The Associated Press
The Associated Press

Immigration is a political winner for the GOP because more Republicans care about it more strongly than do Democrats, says an academic who has made a career studying manipulated polls.

“Democratic voters who support immigration simply do not see the issue as important as do the predominantly Republican voters who oppose it … [so GOP] opponents remain more politically influential than supporters,” said a July 14 op-ed in the Washington Post.
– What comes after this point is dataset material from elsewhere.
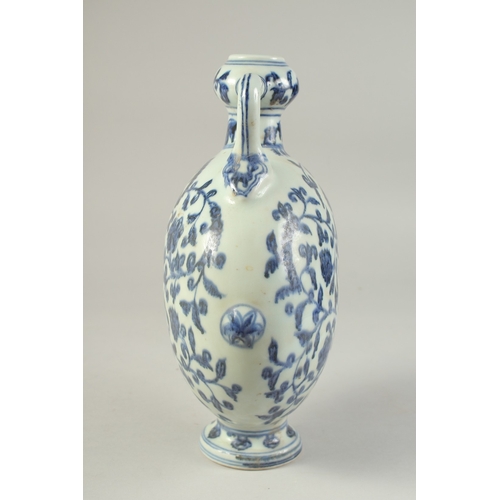 1192 - A CHINESE BLUE AND WHITE LOTUS MOON FLASK.  28cm high.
Alexander Kustov, an assistant professor at the University of North Carolina at Charlotte, continued:

Even though more Americans are telling pollsters [such as Gallup] that they support immigration, lawmakers hesitate to tackle immigration policy in ways that would make it easier to enter the United States. My research suggests that they’re right to be cautious. Americans who oppose immigration are far more engaged and active on the issue than are immigration supporters.

In fact, given the increased national attention to immigration over the past decades, the number of people who actively oppose immigration has actually increased.

Kustov’s peer-reviewed study says:

during the time of high contextual salience of immigration in 2016, the numbers were approximately 2% [pro-migration] vs 12% [anti-migration] of all respondents indicating a very large public opinion skew in favor of the anti-immigration cause … [Also,] compared to pro-immigration voters, anti-immigration voters care more about immigration in particular–not politics in general.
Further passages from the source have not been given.